Fourth, RITM’s asset management revenues (mainly from Sculptor) slightly underperformed my expectations from a BV perspective (nothing “alarming”). Finally, RITM’s income tax (provision)/benefit account and equity accretion (dilution) basically matched my expectations. This can be one of those “quirky” accounts from quarter-to-quarter but no notable issues this quarter.
Moving on, RITM reported core earnings/EAD of $0.480 per common share for Q1 2024. However, when excluding a one-time benefit of $0.08 per common share in direct relation to the sale of capital assets (including excess MSR) during the quarter, RITM reported adjusted core earnings/EAD of $0.400 per common share for Q1 2024. Regarding excess MSR sales, these transactions are currently fully reversed out of taxable income and deferred back into taxable income over the remaining life of the applicable investments.
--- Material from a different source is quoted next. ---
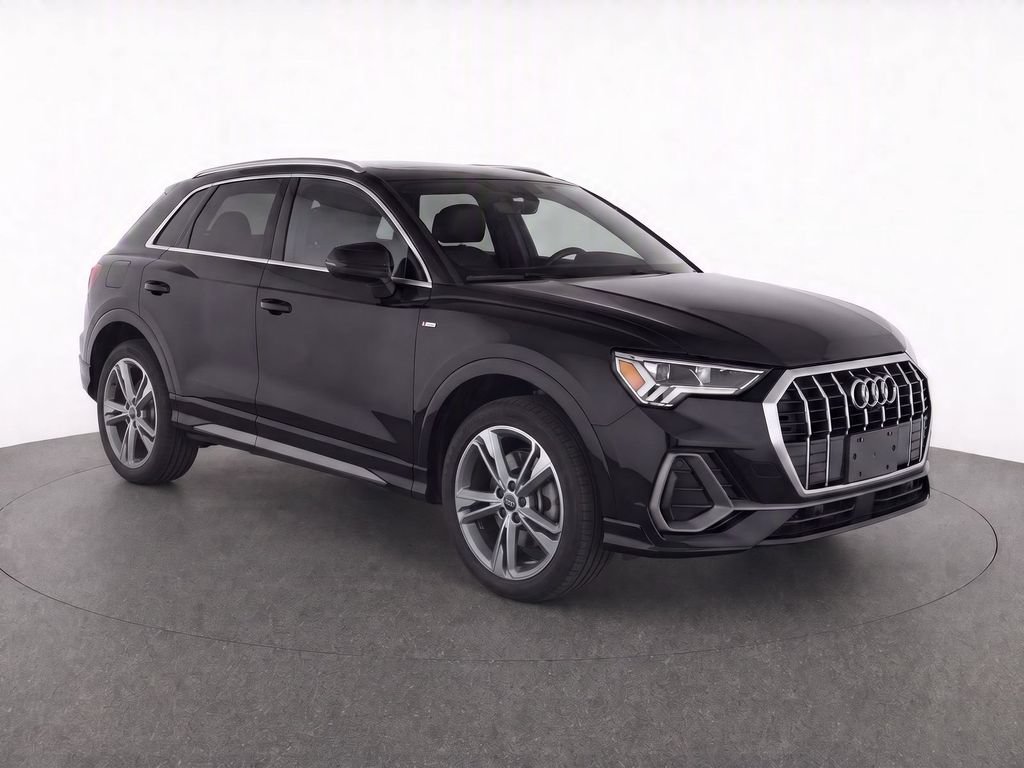 Used 2023 Audi Q3 2.0T Premium Plus w/ Premium Plus Package AWD/4WD image 2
Simply put, an “as expected” quarter for RITM on adjusted core earnings/EAD. Overall, RITM’s very minor decrease in quarterly adjusted core earnings/EAD was mainly due to the company’s modest increase in investment portfolio size (while continuing to keep credit risk “in check”) which was slightly “trumped” by a decrease in net spread income (lower-yielding assets) and an increase in operational expenses (even outside one-time expenses in relation the Sculptor/Specialized Loan Servicing [SLS] acquisitions). This was correctly anticipated.
A risk/performance rating of 3.5 for RITM remains appropriate in the current environment/over the foreseeable future as this mREIT can better combat (via the company’s MSR sub-portfolio) the “higher-for-longer” rates/yields scenario.